Re: [PATCH 03/12] Testcase for attaching in non-stop mode

[Pedro Alves]

On 13/01/21 05:09, Simon Marchi wrote:
> On 2021-01-12 8:15 p.m., Pedro Alves wrote:


>> +
>> +	if {$non_stop} {
>> +	    # In non-stop, we will see one stop per thread after
>> +	    # the prompt.
>> +	    set stops 0
>> +	    set test "seen all stops"
>> +	    for {set thread 1} { $thread <= $n_threads } { incr thread } {
>> +		gdb_test_multiple "" $test {
>> +		    -re "Thread $::decimal ${any} stopped" {
>> +			incr stops
>> +		    }
>> +		}
>> +	    }
>> +
>> +	    # This we haven't seen all stops, then the
> 
> This sentence is weird.

Ah, it was meant to be s/This/If/, like so:

	    # If we haven't seen all stops, then the gdb_test_multiple
	    # in the loop above will have already issued a FAIL.

> 
> Otherwise, the patch LGTM.

Thanks, pushed with the fix above.

Re: [PATCH 04/12] Fix a couple vStopped pending ack bugs

[Pedro Alves]

On 13/01/21 05:29, Simon Marchi wrote:
> On 2021-01-12 8:15 p.m., Pedro Alves wrote:

> Just to be sure I understand does that sum it up?
> 
> 1. GDBserver sends stop notification about thread X, the remote target
>    receives it and stores it
> 2. At the same time, GDB detaches thread X's inferior
> 3. The remote target discards the received stop notification
> 4. GDBserver waits forever for the ack

Yup.  Thanks for that summary.  I've borrowed it and put it in the commit log.

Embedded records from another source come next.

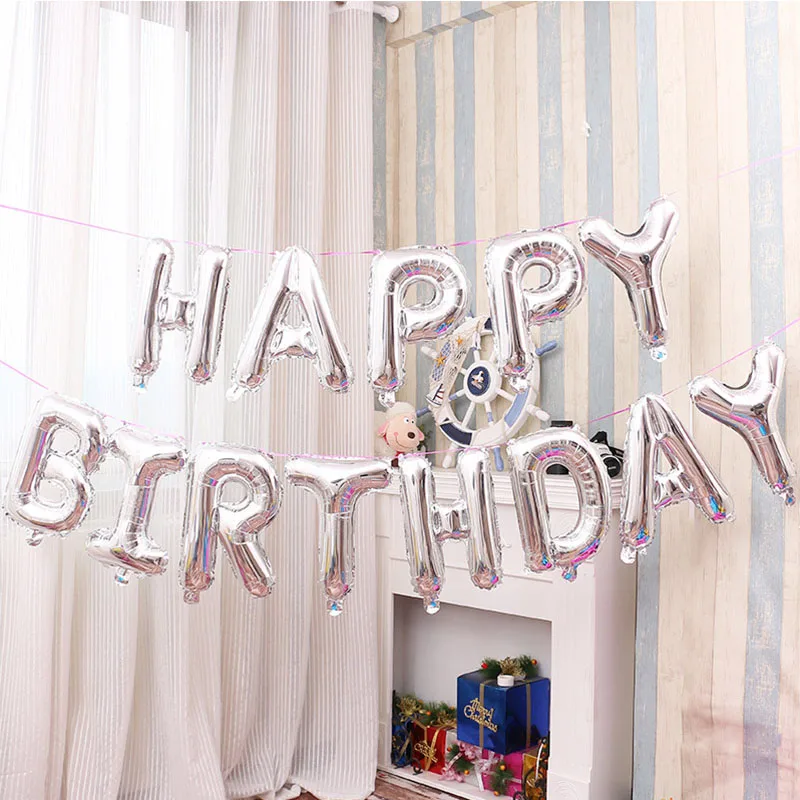 Воздушные шары в виде букв Happy Birthday золотистые серебристые розовые синие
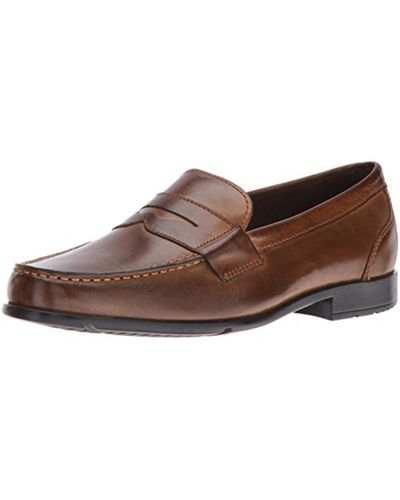 Rockport Classic Leather Slip On Penny Loafers - Brown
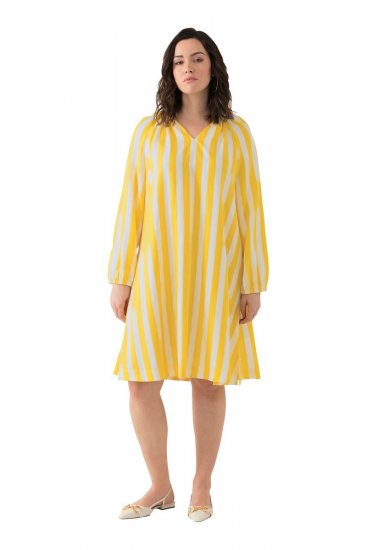 Ulla Popken 827653 Triibuline kleit Kollane - Midikleidid - Plusssuuruses midikleidid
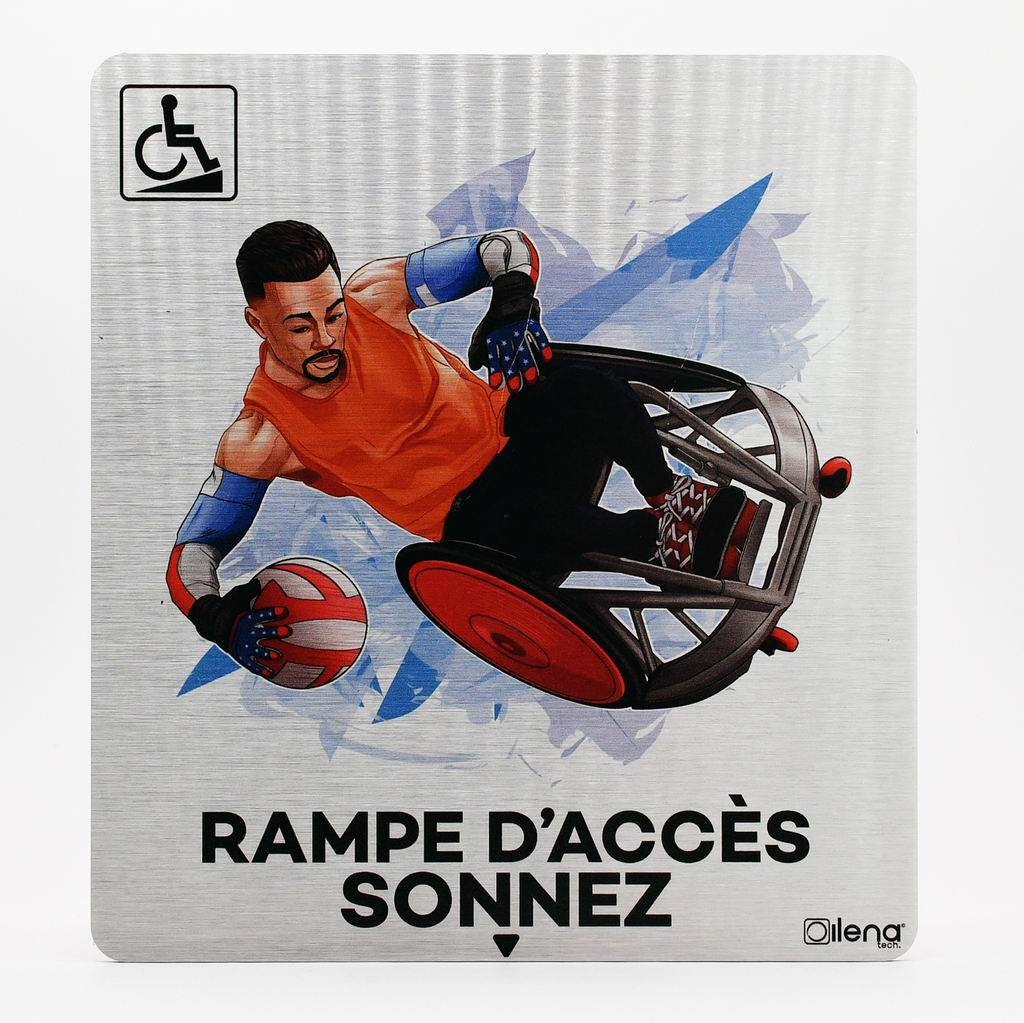Panneau PMR - handicap -Rampe accès sonnez Rugby gris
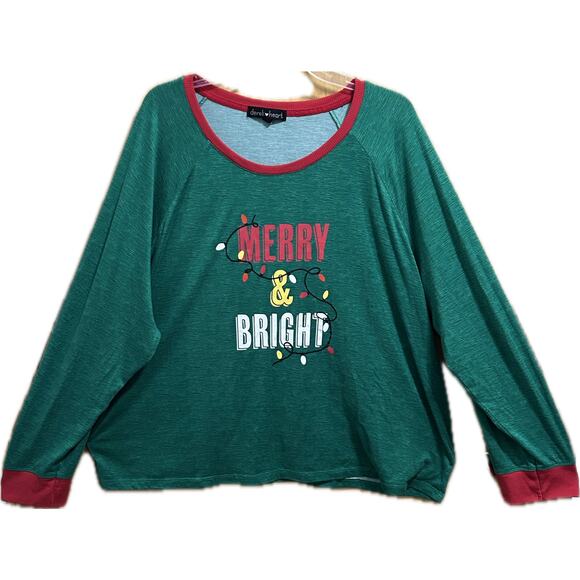 Derek Heart Green Festive Holiday Top Merry & Bright Women’s Size 3X - Picture 1 of 4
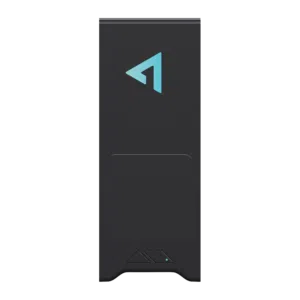 ONEXPLAYER 3 Connector front view in matte black, with turquoise logo, recessed panel and small control buttons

> Since the first item in the list has a special status (it is the in
> flight one), perhaps having a separate field in notif_server for it
> would make things clearer.
> 
> I mean having an additional
> 
>   notif_event *in_flight;
> 
> field in there.  When sending a notification, it gets dequeu-ed from
> the queue and put there.

It's likely yes, though I'd prefer that was done separately, as it has
risk of messing up something else.

> 
> Either way, this LGTM.

Thanks.  I've merged it.

Re: [PATCH 05/12] gdbserver: spurious SIGTRAP w/ detach while step-over in progress

[Pedro Alves]

On 13/01/21 06:00, Simon Marchi wrote:

> Maybe the only thing that wasn't clear from the start of the
> explanation is that GDBserver is doing a step-over for process A
> when a detach request for process B arrives.  And that generates
> a spurious SIGTRAP report for process A.  It wasn't clear which
> process was doing doing what.  But otherwise, make sense.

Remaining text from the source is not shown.